Rachel rose at his entrance and advanced. As she faced him, her eyes eager, her whole countenance moved and softened by the emotion she had been experiencing, Marillier was almost taken aback by her extraordinary beauty. He stood awkwardly, the hunch of his shoulders accentuated by his hesitation, his strong face reflecting both sides of his nature, the human and the professional. He had been deeply interested in the Pacha's case. His brain was working out theories; he was weighing the forces of disease and life with which he had to deal. For the moment he had forgotten everything else, and the sight of Rachel, setting into vibration chords in him, of which he had hardly suspected the existence, was unexpectedly disturbing.

'Doctor Marillier, she said, with her air of timid self-possession--of withdrawal into her own sanctuary which was so marked when she spoke to a stranger, 'Ruel Bey said you would be kind enough to tell me exactly what you think of the Pacha's condition.'

She held out her hand, not waiting for him to answer. 'Though I did not speak to you, I think we have seen each other before,' she went on. 'I am Rachel Isàdas; of course you know.'

'Yes,' he replied, it seemed to him mechanically. 'Of course I know.'

'And you were at the Pacha's last ball?' she said.

'Yes.'

He remembered her well, and the indefinable attraction she had even then had for him--the curious pity that he had felt, and his vague wonder about her; for it had struck him as strange that she should be at once, so near to the Pacha and yet outside the state and ceremony with which on this occasion he was surrounded. There were no other ladies belonging to the Abarian Embassy, for none of the secretaries were married. She was a comparatively new arrival on the scene, it being her first season in London, thus the fact of her isolation, so apparent to him, might not have impressed the casual crowd. He recalled the scene--the great gilded ballroom, with mirrors at intervals along the walls, reflecting back the lights and diamonds, the forms and faces, all the throng of beautifully-dressed women and of men in uniform with ribbons and orders on their breasts. The Pacha had stood just outside the doorway, above which was a great emblazoned shield with the Star of the Empire and a motto in the pictorial Abarian character, receiving his guests as they came and passed through to the ballroom.
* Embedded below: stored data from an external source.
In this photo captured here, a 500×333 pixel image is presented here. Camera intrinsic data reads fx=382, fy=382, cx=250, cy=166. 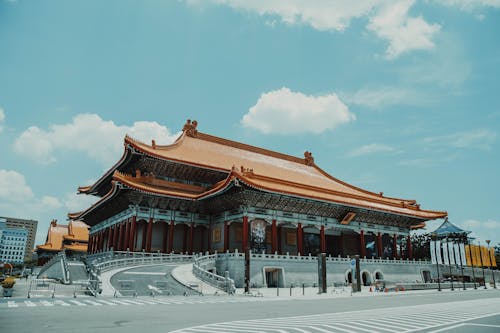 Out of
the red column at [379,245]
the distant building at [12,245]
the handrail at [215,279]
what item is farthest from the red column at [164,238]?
the distant building at [12,245]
The Pacha's breast glittered with many decorations; in truth he was the most picturesque and striking figure present. It seemed almost by design that he was so stationed as not to admit of another person between himself and the door, and the people entering, might not at first have noticed the tall slender girl a pace within, who stood behind the Pacha, and who looked, as Marillier had put it to himself, like an angel dropped down from heaven.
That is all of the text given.